WHAT THE EXERCISE ASKS: From the entries below, copy exactly the lines from the one that contains "Street Fighter X" through the one that contains "33 Orangeblossom Trail, Brampton", both included, and only those.

Short descriptive text snippets:
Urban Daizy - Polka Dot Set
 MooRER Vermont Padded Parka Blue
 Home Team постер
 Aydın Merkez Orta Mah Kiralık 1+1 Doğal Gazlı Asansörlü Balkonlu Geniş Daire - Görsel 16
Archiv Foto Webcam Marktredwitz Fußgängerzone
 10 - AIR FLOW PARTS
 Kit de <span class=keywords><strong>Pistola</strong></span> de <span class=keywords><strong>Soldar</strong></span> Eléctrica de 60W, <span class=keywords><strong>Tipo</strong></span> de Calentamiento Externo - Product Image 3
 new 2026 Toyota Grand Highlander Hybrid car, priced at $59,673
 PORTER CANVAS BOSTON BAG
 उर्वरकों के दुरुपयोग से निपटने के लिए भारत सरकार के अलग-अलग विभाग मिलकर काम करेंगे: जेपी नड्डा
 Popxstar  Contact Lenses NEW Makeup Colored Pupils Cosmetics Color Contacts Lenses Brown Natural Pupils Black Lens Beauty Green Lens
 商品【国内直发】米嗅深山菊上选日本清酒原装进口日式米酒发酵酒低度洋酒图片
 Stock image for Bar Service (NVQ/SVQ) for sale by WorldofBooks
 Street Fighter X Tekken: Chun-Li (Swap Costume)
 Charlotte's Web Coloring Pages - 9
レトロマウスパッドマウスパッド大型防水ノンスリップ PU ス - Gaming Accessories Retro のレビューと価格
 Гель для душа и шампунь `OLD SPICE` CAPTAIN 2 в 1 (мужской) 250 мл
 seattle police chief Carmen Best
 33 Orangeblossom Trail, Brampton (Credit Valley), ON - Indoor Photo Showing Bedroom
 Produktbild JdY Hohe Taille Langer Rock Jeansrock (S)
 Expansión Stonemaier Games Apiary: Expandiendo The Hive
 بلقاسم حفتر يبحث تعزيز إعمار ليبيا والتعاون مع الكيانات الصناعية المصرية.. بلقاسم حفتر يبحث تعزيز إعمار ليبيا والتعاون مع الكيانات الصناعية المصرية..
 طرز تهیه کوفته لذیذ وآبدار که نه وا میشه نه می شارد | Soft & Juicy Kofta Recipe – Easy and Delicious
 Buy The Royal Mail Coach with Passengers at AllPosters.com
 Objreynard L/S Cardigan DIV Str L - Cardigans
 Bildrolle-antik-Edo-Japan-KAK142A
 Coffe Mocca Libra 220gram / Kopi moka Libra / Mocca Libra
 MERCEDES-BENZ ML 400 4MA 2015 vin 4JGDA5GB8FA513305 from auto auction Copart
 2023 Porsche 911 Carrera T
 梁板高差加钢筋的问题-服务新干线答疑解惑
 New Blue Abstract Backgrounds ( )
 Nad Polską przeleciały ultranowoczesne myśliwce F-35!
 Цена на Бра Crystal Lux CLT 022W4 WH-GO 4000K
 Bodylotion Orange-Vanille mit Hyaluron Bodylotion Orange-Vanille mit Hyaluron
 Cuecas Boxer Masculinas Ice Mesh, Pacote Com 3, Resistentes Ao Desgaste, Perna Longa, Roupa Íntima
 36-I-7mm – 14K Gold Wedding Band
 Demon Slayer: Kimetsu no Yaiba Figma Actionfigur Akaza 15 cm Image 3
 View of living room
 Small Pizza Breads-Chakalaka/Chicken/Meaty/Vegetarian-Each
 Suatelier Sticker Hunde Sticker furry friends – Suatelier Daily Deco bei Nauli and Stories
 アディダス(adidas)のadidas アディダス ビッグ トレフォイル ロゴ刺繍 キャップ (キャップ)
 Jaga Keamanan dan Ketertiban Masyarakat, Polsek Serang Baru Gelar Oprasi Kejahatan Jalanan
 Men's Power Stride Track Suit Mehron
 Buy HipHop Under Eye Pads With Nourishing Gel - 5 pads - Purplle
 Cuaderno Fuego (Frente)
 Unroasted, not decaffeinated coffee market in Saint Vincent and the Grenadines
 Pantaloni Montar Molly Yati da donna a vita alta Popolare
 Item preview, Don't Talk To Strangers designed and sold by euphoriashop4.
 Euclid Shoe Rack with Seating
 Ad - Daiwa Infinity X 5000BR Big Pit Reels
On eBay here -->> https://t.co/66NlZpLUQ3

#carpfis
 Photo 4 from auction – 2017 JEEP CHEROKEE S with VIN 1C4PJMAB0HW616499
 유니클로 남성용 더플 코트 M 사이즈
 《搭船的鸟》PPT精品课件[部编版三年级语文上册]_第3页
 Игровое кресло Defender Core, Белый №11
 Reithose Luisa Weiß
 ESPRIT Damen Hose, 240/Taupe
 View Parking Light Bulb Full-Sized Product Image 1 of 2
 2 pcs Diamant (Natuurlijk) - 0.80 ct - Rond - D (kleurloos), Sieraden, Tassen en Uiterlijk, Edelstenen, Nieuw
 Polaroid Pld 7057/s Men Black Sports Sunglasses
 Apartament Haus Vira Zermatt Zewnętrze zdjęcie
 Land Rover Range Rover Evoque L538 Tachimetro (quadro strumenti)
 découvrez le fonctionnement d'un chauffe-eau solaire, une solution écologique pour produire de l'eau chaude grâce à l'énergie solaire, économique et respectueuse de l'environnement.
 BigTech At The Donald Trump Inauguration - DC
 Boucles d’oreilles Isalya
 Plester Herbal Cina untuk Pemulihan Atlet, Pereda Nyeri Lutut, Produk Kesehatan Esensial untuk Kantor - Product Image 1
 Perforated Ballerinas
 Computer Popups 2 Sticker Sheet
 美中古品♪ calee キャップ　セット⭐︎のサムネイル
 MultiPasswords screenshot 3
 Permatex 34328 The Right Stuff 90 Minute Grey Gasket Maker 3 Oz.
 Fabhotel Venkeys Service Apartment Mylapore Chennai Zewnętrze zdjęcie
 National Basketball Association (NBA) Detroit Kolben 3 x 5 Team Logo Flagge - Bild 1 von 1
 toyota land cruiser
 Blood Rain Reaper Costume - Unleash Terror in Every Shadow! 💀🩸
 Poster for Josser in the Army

SOLUTION TO THIS PROBLEM:
 Street Fighter X Tekken: Chun-Li (Swap Costume)
 Charlotte's Web Coloring Pages - 9
レトロマウスパッドマウスパッド大型防水ノンスリップ PU ス - Gaming Accessories Retro のレビューと価格
 Гель для душа и шампунь `OLD SPICE` CAPTAIN 2 в 1 (мужской) 250 мл
 seattle police chief Carmen Best
 33 Orangeblossom Trail, Brampton (Credit Valley), ON - Indoor Photo Showing Bedroom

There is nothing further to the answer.